© JUNGE FREIHEIT Verlag GmbH & Co. www.jungefreiheit.de 13/05 25. März 2005

Im Studium Glaube und Reich versöhnen
Die Dissertation Thomas Mayers untersucht das Wirken katholischer Studentenverbindungen in Zeiten des Kulturkampfes
Manfred Balkenohl

Die vorliegende Untersuchung - eine Dissertation Thomas Meyers an der historischen Fakultät der Johannes-Gutenberg-Universität in Mainz - stellt nicht nur eine exakte Eruierung der Quellenlage bezüglich der Periodika katholischer Korporationsverbände im 19. Jahrhundert dar, sondern darüber hinaus ein hervorragendes Kompendium der geistigen Strömungen im 19. Jahrhundert überhaupt. Der Verfasser läßt unter anderem deutlich werden, wie der Kampf einzelner katholischer Studentenkorporationen um ihre Existenzberechtigung im Rahmen des Kulturkampfes aussah, einschließlich universitäts­gerichtlicher Verbote und existenzbedrohender Polizeiaufsichten.

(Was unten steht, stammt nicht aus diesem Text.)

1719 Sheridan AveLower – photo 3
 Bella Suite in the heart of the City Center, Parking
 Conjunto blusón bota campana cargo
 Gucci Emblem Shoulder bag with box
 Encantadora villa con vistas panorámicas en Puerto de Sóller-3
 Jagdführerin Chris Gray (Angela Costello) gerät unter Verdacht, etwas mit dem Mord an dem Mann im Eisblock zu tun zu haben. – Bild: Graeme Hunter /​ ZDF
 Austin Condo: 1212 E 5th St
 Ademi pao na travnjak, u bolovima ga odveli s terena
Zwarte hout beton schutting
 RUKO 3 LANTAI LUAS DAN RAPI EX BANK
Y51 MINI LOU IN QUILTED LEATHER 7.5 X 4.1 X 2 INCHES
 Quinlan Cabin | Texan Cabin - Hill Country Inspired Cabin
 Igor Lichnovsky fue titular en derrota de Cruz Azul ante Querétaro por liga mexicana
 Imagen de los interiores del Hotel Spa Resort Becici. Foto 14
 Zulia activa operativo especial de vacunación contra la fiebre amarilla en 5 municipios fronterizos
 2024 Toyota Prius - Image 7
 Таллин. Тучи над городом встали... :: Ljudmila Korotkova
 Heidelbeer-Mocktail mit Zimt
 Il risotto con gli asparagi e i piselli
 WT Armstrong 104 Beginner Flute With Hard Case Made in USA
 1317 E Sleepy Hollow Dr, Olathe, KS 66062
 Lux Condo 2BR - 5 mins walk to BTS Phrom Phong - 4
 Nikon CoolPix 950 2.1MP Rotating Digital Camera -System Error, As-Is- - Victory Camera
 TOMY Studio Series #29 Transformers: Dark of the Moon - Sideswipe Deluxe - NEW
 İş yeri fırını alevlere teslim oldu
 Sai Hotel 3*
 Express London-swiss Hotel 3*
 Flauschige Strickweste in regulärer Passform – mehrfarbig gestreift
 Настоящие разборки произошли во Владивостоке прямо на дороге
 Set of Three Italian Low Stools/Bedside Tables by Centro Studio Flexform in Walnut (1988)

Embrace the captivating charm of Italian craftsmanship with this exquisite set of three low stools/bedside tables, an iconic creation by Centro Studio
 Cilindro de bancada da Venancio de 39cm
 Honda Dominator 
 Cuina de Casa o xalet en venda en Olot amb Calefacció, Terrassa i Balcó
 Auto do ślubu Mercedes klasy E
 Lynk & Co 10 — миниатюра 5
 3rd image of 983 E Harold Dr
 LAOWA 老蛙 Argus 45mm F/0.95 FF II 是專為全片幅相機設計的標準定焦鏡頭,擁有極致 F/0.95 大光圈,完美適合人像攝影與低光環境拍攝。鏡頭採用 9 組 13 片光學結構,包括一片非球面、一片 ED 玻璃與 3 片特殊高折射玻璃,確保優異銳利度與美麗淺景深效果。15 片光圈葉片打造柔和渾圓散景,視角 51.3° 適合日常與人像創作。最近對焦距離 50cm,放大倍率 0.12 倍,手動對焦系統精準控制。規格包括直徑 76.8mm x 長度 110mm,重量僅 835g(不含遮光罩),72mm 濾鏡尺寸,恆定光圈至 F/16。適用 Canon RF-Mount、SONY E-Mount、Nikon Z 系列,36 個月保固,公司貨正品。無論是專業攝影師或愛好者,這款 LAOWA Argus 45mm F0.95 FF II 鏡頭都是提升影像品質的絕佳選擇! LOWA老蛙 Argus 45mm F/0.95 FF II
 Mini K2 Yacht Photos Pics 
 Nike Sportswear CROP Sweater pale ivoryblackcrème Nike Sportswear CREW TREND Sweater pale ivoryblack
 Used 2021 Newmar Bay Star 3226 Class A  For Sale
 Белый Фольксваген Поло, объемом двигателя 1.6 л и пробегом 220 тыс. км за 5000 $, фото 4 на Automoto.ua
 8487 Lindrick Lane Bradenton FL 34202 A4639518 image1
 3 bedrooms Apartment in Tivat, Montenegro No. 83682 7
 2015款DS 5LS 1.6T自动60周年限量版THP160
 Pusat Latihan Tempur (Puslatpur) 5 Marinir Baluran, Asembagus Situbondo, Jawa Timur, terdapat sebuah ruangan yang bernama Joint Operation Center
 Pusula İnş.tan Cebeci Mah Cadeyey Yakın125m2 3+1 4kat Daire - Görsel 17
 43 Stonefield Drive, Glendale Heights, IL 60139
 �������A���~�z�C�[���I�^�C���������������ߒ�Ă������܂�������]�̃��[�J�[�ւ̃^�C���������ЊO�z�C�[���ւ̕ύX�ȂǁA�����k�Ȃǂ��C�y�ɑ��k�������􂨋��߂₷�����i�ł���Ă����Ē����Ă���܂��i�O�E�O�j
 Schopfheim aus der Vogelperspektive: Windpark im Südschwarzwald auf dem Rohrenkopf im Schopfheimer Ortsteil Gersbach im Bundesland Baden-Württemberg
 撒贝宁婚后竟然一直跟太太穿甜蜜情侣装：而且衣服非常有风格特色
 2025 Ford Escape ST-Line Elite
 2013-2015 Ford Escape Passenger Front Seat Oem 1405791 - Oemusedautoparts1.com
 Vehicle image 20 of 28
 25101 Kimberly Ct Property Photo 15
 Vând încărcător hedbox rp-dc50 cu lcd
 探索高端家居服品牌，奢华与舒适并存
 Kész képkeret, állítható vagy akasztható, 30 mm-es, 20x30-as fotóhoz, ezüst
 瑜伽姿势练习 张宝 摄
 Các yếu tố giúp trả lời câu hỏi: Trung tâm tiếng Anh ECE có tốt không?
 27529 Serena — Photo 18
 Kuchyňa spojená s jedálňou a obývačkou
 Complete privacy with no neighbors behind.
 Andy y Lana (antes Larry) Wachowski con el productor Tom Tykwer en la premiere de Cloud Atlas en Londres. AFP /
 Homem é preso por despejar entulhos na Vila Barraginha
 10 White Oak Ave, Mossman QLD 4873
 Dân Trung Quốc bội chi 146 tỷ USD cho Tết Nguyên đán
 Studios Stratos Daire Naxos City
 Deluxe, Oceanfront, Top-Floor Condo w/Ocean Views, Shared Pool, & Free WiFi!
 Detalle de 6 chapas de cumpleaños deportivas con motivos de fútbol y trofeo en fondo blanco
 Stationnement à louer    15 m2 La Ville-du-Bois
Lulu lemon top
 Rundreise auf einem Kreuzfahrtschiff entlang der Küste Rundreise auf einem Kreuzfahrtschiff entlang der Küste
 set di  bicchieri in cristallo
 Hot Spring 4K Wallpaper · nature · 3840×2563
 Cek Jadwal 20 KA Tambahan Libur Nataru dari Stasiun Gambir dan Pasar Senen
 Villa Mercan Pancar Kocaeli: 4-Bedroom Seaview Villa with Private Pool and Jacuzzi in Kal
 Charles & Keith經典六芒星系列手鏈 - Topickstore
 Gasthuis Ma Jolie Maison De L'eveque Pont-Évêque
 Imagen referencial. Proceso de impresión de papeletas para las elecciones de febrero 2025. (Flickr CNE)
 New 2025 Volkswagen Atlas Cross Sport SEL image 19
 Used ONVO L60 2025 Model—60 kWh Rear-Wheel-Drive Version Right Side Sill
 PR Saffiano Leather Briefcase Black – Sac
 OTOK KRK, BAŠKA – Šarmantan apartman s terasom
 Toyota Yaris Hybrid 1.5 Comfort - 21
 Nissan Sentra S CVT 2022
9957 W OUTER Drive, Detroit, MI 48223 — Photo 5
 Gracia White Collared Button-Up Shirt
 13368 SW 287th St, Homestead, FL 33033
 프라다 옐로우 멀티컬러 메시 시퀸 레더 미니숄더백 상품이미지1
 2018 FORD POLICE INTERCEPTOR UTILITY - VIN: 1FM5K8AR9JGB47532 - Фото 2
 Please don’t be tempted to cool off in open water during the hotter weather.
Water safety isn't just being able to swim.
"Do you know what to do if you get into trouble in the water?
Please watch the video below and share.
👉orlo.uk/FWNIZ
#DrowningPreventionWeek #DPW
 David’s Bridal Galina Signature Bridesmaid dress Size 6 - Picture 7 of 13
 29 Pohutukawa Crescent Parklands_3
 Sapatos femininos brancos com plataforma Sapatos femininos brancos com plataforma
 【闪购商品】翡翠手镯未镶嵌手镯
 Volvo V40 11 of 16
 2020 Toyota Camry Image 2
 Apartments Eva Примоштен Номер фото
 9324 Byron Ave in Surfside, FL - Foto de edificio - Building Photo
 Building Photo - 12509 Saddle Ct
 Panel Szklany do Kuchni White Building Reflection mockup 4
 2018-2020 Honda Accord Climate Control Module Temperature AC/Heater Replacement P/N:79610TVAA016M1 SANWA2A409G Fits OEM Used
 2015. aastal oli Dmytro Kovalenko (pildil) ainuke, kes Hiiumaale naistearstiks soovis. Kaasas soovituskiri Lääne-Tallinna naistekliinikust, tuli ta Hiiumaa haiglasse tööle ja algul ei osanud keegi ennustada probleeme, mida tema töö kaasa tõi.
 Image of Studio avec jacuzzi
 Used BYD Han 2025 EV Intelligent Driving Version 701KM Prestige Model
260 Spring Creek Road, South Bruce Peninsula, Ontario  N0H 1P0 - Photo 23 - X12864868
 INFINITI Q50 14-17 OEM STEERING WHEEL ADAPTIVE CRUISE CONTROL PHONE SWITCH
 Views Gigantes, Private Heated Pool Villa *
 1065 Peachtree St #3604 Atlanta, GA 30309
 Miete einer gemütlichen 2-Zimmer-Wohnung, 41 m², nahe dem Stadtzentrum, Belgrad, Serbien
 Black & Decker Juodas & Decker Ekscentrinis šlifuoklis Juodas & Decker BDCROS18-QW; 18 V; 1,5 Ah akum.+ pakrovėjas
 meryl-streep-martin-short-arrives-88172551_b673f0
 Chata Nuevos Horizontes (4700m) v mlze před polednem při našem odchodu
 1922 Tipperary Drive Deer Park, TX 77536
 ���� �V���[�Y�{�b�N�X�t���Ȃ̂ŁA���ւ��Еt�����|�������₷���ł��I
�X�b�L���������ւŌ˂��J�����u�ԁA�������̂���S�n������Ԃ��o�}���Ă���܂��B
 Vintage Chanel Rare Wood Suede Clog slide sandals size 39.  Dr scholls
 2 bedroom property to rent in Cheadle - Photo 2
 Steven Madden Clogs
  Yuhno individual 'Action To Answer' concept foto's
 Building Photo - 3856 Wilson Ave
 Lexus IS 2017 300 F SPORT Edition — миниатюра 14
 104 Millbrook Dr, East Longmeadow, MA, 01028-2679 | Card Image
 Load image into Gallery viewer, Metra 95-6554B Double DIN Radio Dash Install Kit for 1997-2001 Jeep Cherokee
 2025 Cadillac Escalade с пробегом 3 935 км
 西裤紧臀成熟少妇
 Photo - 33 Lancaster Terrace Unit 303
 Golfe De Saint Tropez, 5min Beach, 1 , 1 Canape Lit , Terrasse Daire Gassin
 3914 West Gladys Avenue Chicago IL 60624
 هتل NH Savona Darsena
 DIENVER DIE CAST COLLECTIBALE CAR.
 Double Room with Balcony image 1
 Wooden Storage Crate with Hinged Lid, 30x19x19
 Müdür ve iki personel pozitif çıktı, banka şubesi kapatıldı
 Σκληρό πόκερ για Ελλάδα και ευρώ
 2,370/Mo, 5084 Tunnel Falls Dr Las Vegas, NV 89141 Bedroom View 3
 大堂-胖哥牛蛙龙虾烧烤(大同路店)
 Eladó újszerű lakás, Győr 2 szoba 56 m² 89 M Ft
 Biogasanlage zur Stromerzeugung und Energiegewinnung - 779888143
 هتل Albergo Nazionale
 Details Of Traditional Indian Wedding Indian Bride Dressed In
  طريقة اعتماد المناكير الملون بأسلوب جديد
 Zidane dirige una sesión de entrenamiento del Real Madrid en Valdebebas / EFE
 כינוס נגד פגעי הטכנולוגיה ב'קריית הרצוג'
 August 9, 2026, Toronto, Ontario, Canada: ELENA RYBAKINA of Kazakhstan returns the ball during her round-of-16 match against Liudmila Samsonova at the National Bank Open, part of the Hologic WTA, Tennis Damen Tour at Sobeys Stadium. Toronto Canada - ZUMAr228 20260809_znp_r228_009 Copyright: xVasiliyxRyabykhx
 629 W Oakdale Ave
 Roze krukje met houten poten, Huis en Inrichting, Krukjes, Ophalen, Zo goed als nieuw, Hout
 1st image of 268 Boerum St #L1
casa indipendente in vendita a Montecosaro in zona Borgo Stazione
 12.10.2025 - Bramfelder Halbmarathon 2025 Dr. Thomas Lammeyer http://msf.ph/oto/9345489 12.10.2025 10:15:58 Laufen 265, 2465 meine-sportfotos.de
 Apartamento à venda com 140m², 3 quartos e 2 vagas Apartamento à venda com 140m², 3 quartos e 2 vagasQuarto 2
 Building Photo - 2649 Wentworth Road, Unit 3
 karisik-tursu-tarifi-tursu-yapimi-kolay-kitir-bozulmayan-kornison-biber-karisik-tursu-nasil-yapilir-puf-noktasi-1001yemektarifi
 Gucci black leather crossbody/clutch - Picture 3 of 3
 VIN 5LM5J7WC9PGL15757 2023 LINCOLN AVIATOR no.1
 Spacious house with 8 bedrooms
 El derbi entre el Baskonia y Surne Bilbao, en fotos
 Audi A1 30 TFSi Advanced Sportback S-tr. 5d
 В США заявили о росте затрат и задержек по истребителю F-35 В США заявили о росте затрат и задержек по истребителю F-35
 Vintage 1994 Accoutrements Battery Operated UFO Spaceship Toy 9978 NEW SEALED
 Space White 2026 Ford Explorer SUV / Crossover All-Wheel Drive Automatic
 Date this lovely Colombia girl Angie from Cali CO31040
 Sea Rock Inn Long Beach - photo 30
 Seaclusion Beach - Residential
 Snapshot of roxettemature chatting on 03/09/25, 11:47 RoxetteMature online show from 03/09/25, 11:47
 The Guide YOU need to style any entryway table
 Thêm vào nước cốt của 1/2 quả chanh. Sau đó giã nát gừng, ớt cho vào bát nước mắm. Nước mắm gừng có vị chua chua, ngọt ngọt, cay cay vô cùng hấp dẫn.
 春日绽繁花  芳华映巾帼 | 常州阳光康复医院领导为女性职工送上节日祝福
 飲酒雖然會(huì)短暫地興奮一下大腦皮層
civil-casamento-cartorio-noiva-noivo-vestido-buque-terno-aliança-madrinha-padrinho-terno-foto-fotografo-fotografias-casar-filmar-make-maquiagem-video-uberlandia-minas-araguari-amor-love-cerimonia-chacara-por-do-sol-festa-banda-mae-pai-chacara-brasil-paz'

Angesichts der Omnipotenz des Staates ging es den katholischen Korporationsverbänden nicht um den Kampf um des Kampfes willen, denn sie wurden ja im Kulturkampf bekämpft. Vielmehr ging es immer wieder darum, heute als selbstverständlich erscheinende Existenzrechte zu sichern. Und der Kampf war nicht ohne inhaltliche Ziele. Es ging vor allem darum, "das Universitätsleben wieder so einzurichten, daß Kirche und Universität, Glaube und Wissenschaft nicht wie zwei feindliche Mächte einander gegenüberstehen". Durch wissenschaftliches Studium wirkten die katholischen Studentenkorporationen auf der Grund­lage des katholischen Glaubens gegen den wachsenden Indifferentismus und Materialismus. Die ernste Wissenschaftspflege war verbunden mit Religion und Freundschaft, wie es sehr schön das Unitaswappen darstellt: rechts Anker und Kreuz für Glaube und Religion; links oben ein Buch für das Wissenschaftsprinzip; links unten der Handschlag für das Prinzip der Freundschaft; rechts unten Zirkel und Unitasfarben. Freundschaft stand und steht natürlich im Gegensatz zur "Unsitte des Duells" schlagender Verbindungen, welches ein Zeichen des Kampfes ist und verworfen wurde.

Wie sehr die Mißstände der Zeit analysiert und schließlich korrigiert worden sind, sieht man am Beispiel der Todesstrafe. Zu dieser Frage hat es in der betreffenden Zeit zahlreiche Vorträge und Veröffent­lichungen gegeben. Überhaupt spielten Menschenwürde und Lebensrecht eine ganz besondere Rolle. Es kann auch nicht überraschen, daß zahlreiche Persönlichkeiten wie Konrad Adenauer, Heinrich Brüning und Pater Rupert Mayer aus katholischen Korporations­verbänden hervorgegangen sind.

Mayers Arbeit ist nicht nur ein historisches Nachschlagewerk von Bedeutung, sondern ebenfalls ein vorzügliches Lehrbuch. Heutige Studenten und andere Personenkreise können lernen, wie aus der Kraft des Glaubens, der Wissenschaftspflege und der Freundschaft die notwendigen Veränderungen in Kirche und Gesellschaft herbeigeführt werden können.

Thomas Mayer: Katholische Farbstudenten im Kulturkampf. Eine Untersuchung der Periodika katholischer Korporationsverbände im 19. Jahrhundert.Christiana Verlag, Basel 2005, gebunden, 364 Seiten, 101Abbildungen, 19 Euro

 

Prof. Dr. Manfred Balkenohl lehrte bis 2003 Katholische Theologie an den Universitäten Osnabrück und Vechta.